That led to multiple residential real estate projects across Manatee and Sarasota counties Cassata had a hand in over the next two decades, including several in Lakewood Ranch. Cassata died July 12 in his home in Osprey, south Sarasota County. He was 89. 

Cassata got his start in Florida real estate when he ran into Pat Neal, John's father and founder of Lakewood Ranch-based Neal Communities, one day while both were looking at the same property. Thus began a longstanding relationship with the Neal family. 

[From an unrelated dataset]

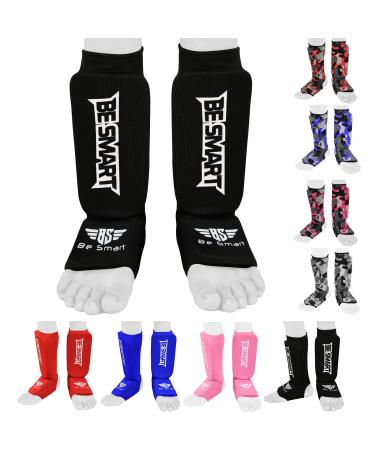 BS Kids Shin and Instep Guards for MMA Leg Foot Protection Muay Thai Kickboxing Protection X Black XXXS (3 to 8 Years)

“He was a great mentor to me,” John Neal says. Growing up in a real estate family, Neal thought he knew all there was to know about the industry. “But in the time I spent with Frank, I learned there were different ways to buy or develop land and build homes. Frank built about 70,000 homes in New York, so he knew things.”

Neal adds that Cassata was especially talented in buying land and dealing with people. “Frank had a special knack for understanding land and people, I think because of his background,” John Neal says, noting Cassata was a nontraditional business person who wasn’t formally trained. “He learned it by doing it.” 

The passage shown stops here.